There are a number of factors when choosing a backpack. So let’s answer the above question with…three more questions.
1. What activities are you going to do?
2. What weather conditions are you going to do them in?
3. How long are you going for?
Once you’ve figured out your specific needs, we can figure out the best size for you. Here’s my rough guide to get you on your way.
Backpacks of 35L and less:
Backpacks up to 35L are ideal day packs for travel.
A small, zipped day pack is a must for travel. Besides keeping your valuables secure, you can bring everything you need for a day out — like extra layers and a water bottle.
A small backpack is also convenient carry-on luggage. The wheels and handles on a traditional carry-on suitcase can add additional weight and blow out the luggage dimensions set by your airline. A backpack will help save on weight, space, and is extra packable in the overhead lockers.
That said, don’t get caught out. Make sure you check the required dimension of the airlines you fly with.
Backpacks between 35L–50L are ideal for overnight travel and lightweight travellers.
This is going to depend heavily on the actual gear going in your pack.
This size can be enough for minimalist packers. A smaller bag means you’ll be forced to pack less and follow the philosophy of packing what you actually need – not a bad habit to get into.
But if you’re going to snow season in Japan for two weeks, won’t have time to wash, and want to pack your big fat ski jacket, you may have to opt for a bigger pack. But if you’re about to spend a week in Bali with little more than a cocktail and a sarong, then this will suit you just fine.
Backpacks of 50L and up
Backpacks bigger than 50L are great for long-term travel.
A 50L+ backpack is a great friend to those backpacking around Europe for a few months or through countries with rapidly changing weather conditions. These bags are spacious and can accommodate a number of outfit changes before you ever have to visit a laundromat.
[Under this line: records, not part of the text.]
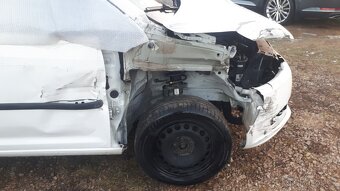 VW CADDY MAXI 2,0TDi 4MOTION r.v.2015 - 4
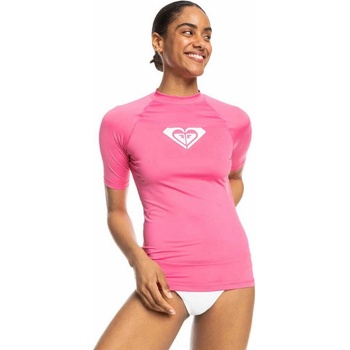 Dámské Roxy SS Shocking Pink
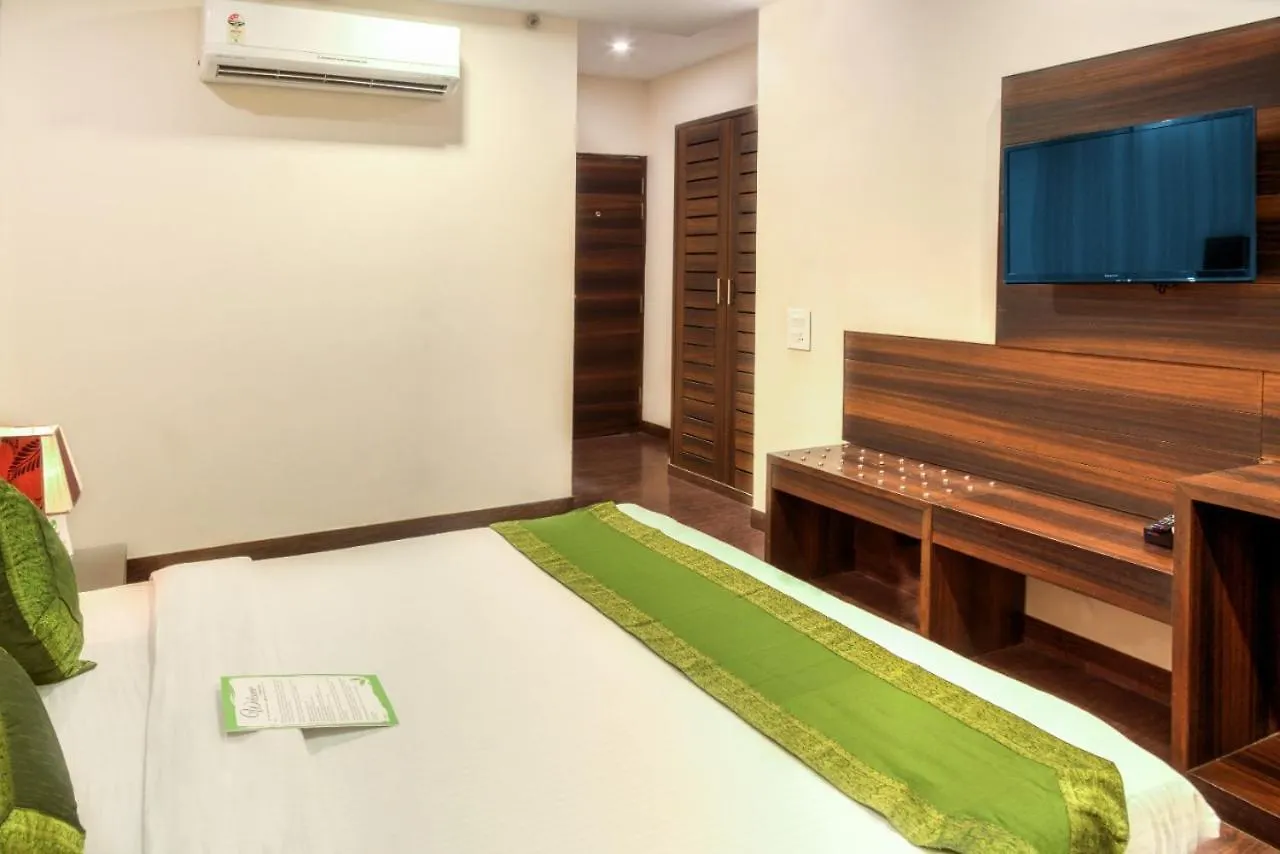 Hotel Dreamland Chandigarh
They’re also ideal for a combination of hike and travel, as long as you’re following the philosophy above. Think the Camino de Santiago, the Pacific Crest Trail or the Great Ocean Walk.
Note: as a rule of thumb, don’t carry more than you really have to — less is always more (or as Miss Piggy used to say, “Never eat more than you can lift”). Remember that comfort is key. The best choice you can make is a backpack that’s good for your back. The fit of the pack, should outweigh the size of pack.
Choosing the right size backpack is highly personal. So before you commit, consider the activities, the weather conditions and duration of your trip — don’t skimp out on the necessities, and buy lightweight, packable gear to make your journey even better.
Fitting a backpack
Before heading off, get your gear ready and test out how you will fit your backpack to your body shape.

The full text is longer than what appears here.